● DATA EXTRACT
- - -
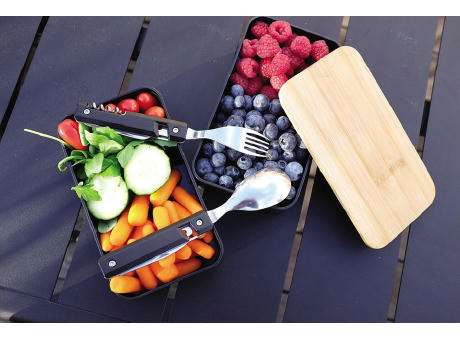 Bento 'Nagano', schwarz, mit Bambusdeckel Werbeartikel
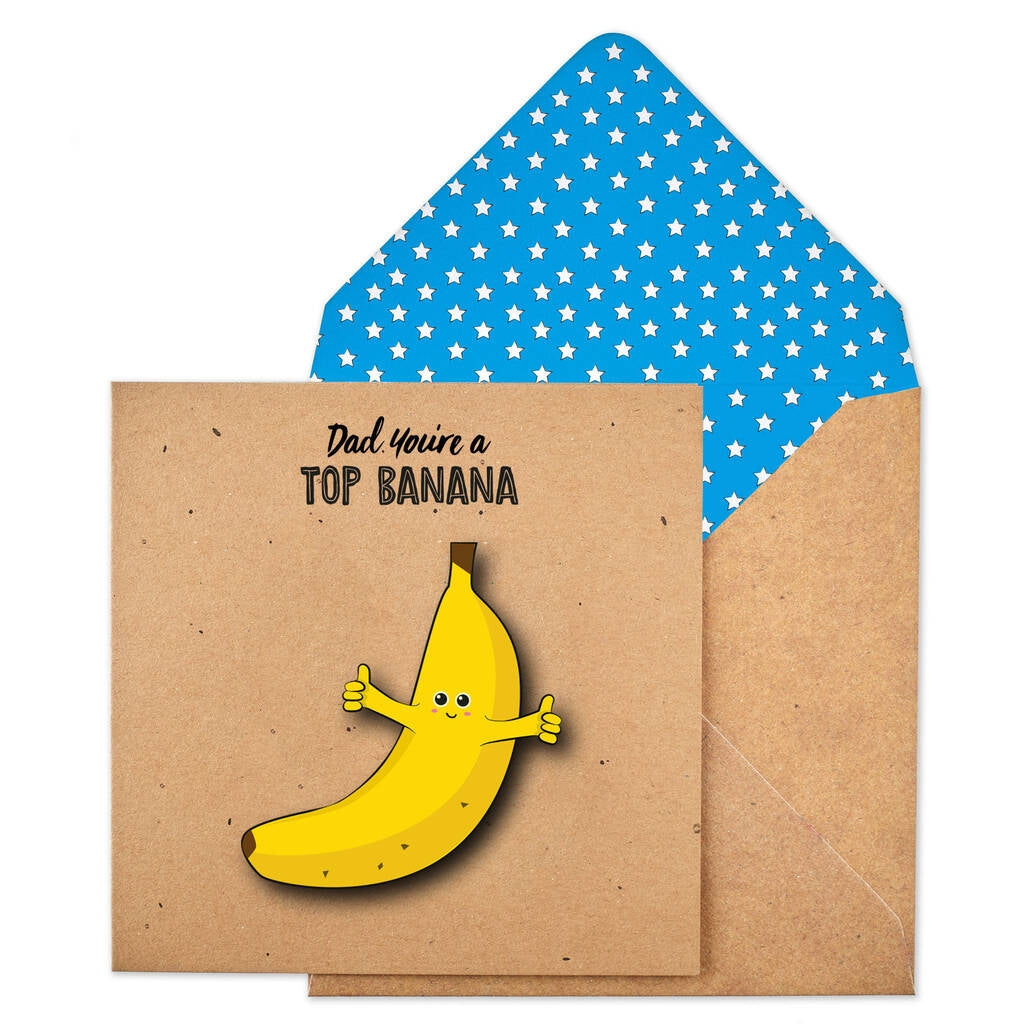 Super Top Banana Dad Greetings Card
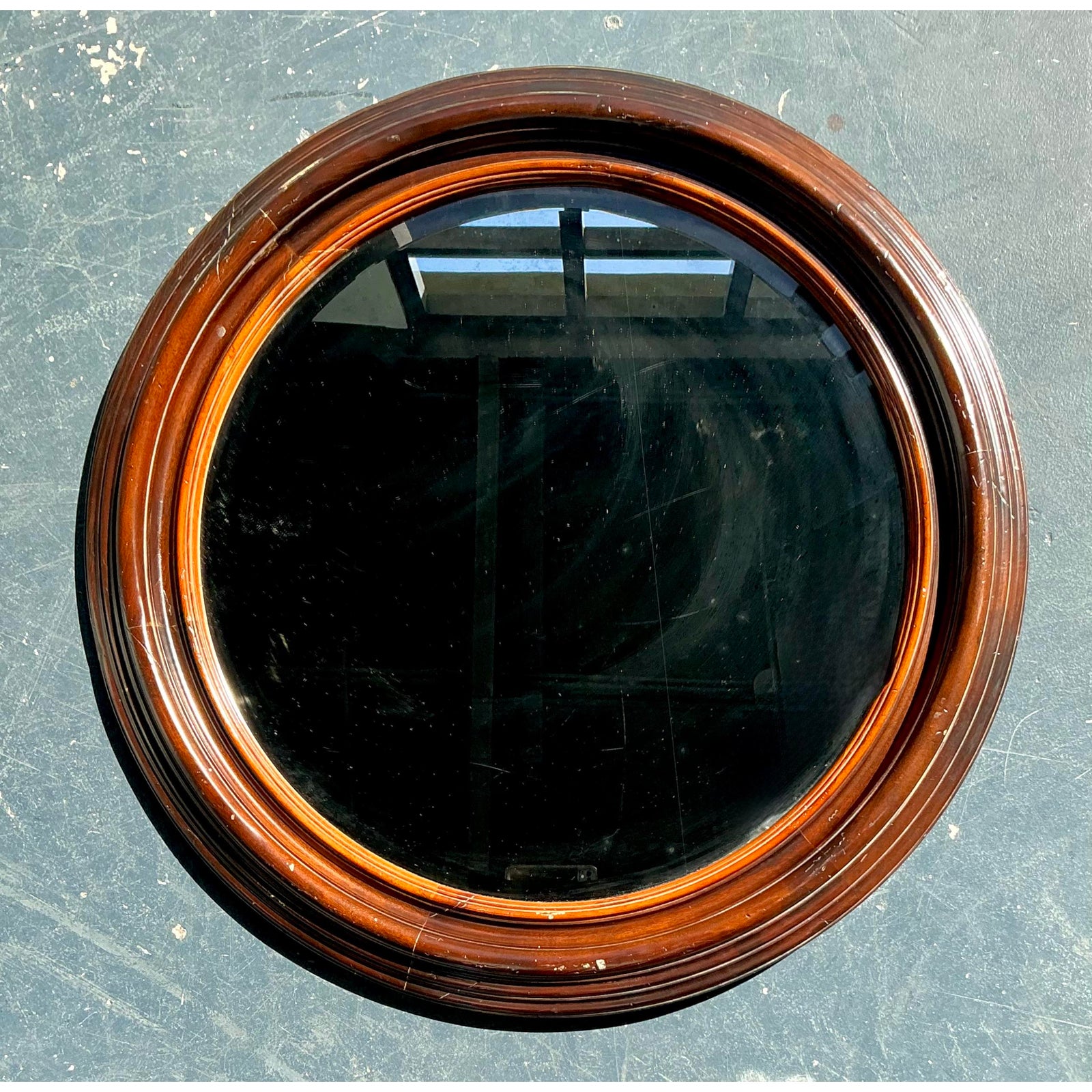Vintage Boho Italian Baker Milling Road Millwork Mirror - Detail view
- - -
● WHAT THE EXERCISE ASKS
Your task is to reproduce exactly the lines from the one that holds "Super Top Banana Dad Greetings Card" to the last line of the listing, and only those, omitting the pictures.

● YOUR RESPONSE
 Super Top Banana Dad Greetings Card
Vintage Boho Italian Baker Milling Road Millwork Mirror - Detail view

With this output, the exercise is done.